Shares of the solar panel installation outlet SolarCity Corporation (SCTY) continued their ascent on Oct 16 after the company revealed they had acquired rival Zep Solar. This comes just a few days after the company raised guidance and announced they expected installations to increase 80 percent in 2014.
The sunny projections coupled with the Zep Solar buyout sent SolarCity’s stock to its all-time high. The company’s shares have risen 290 percent on the year, as SolarCity has become arguably the hottest stock in the tech sector.
This is unsurprising, as SolarCity is the brainchild of wunderkind industrialist/Wall Street golden child Elon Musk. Musk is both the Chairman of SolarCity and the CEO of electric carmaker Tesla Motors (TSLA) , whose shares have risen a whopping 443 percent this year.
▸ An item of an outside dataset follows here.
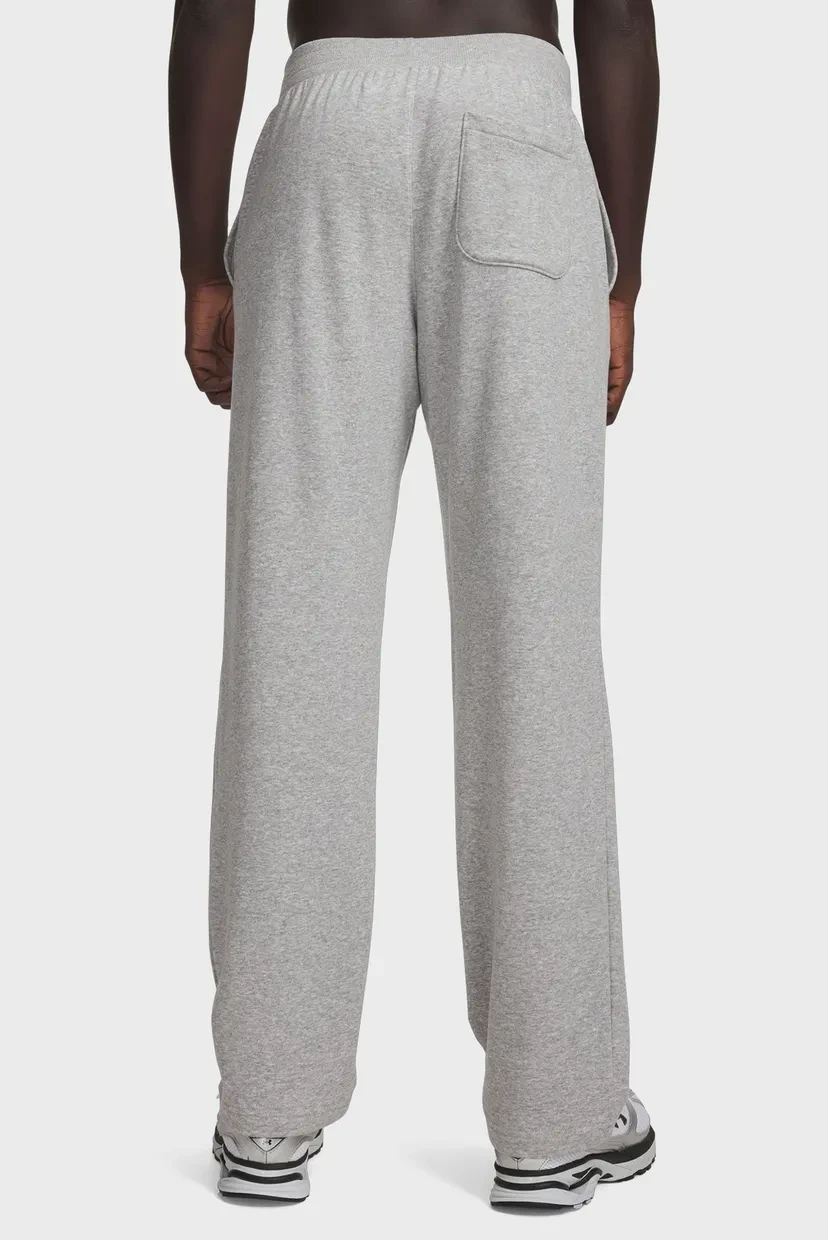 Спортивні штани UA Rival LW Pant 6009344-011 Under Armour L Сірий — фото 4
The growth potential of SolarCity is beginning to dawn on investors, who have been increasingly flocking to the stock like moths to a solar-powered lightbulb. Volume on Oct 16 was four times what it normally is, with just under 12 million shares trading hands as of midday.
Particularly attractive to investors is SolarCity’s growing customer base, which increased from right over 50,000 at the end of the fourth quarter of 2012 to an estimated 82,000 as of Sept. 30.
Whether SolarCity’s shares are due to come back to Earth or are still yet to reach their apex will become clear as day when the company releases its earnings report the first week of November.
Shares of the San Mateo, Ca.-based company rose 12 percent in early trading to hit $52.16 a share.